Work required: The records below are to be restated word for word; their pictures are not.

Data extracts:
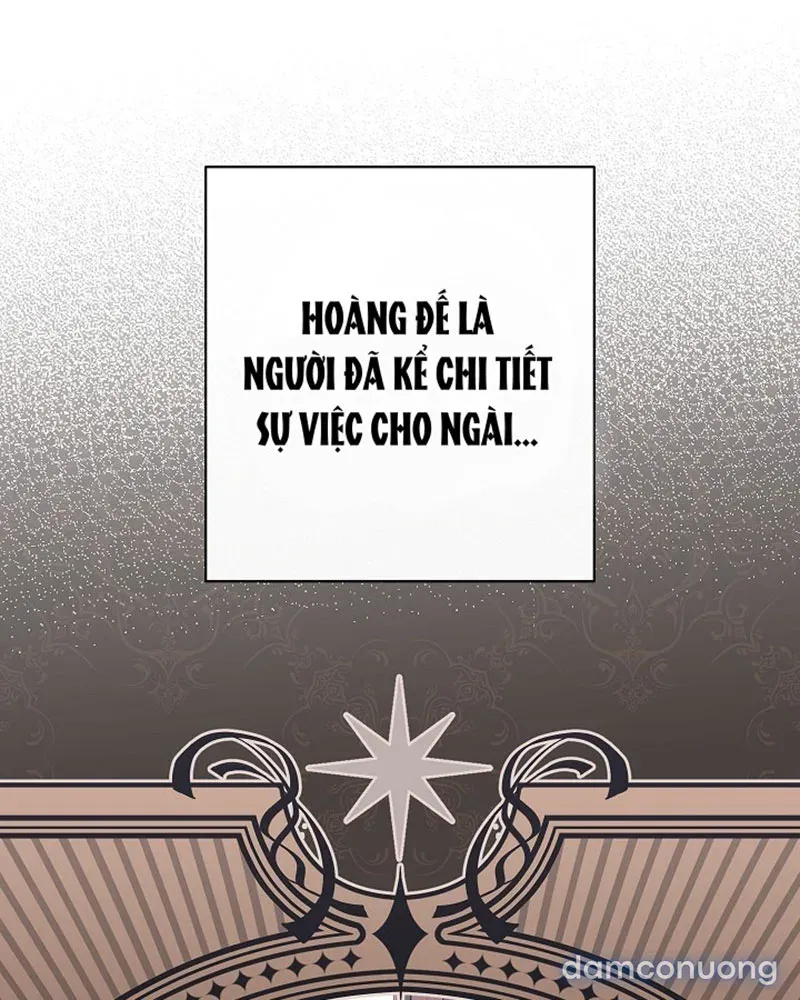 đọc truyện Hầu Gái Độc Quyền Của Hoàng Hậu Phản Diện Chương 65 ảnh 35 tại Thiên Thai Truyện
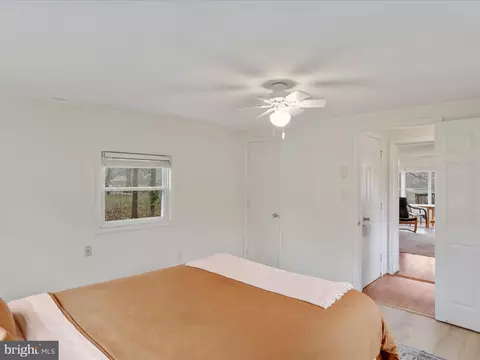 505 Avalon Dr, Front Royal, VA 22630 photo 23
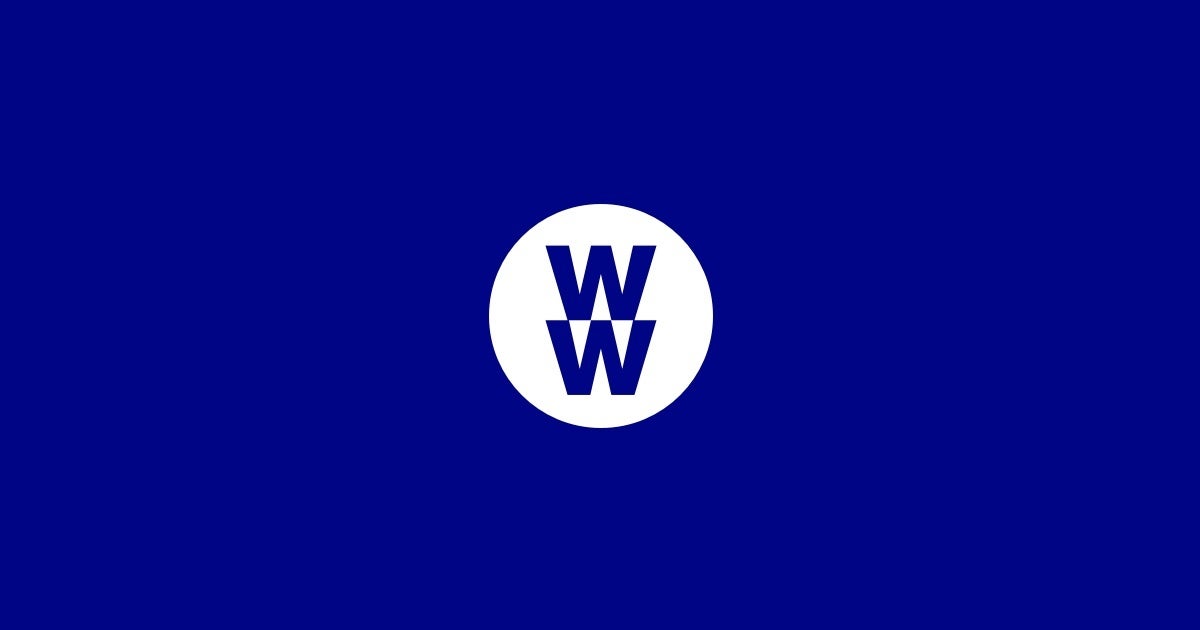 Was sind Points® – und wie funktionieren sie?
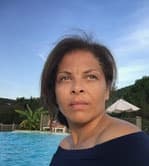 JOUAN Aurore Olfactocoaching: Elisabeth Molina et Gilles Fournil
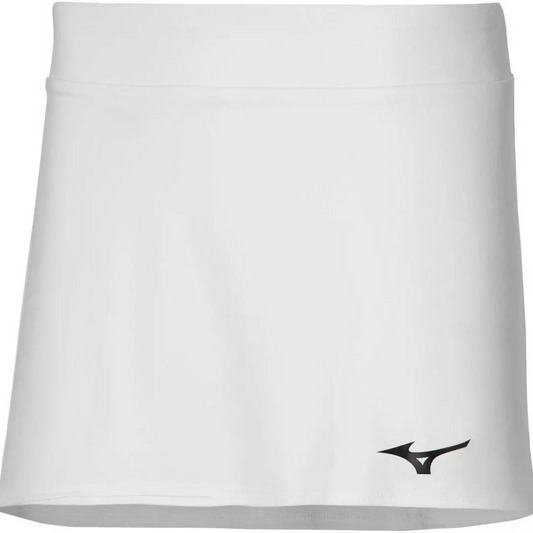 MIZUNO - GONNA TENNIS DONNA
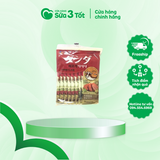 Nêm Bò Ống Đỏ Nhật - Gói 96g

Task result:
 đọc truyện Hầu Gái Độc Quyền Của Hoàng Hậu Phản Diện Chương 65 ảnh 35 tại Thiên Thai Truyện
 505 Avalon Dr, Front Royal, VA 22630 photo 23
 Was sind Points® – und wie funktionieren sie?
 JOUAN Aurore Olfactocoaching: Elisabeth Molina et Gilles Fournil
 MIZUNO - GONNA TENNIS DONNA
 Nêm Bò Ống Đỏ Nhật - Gói 96g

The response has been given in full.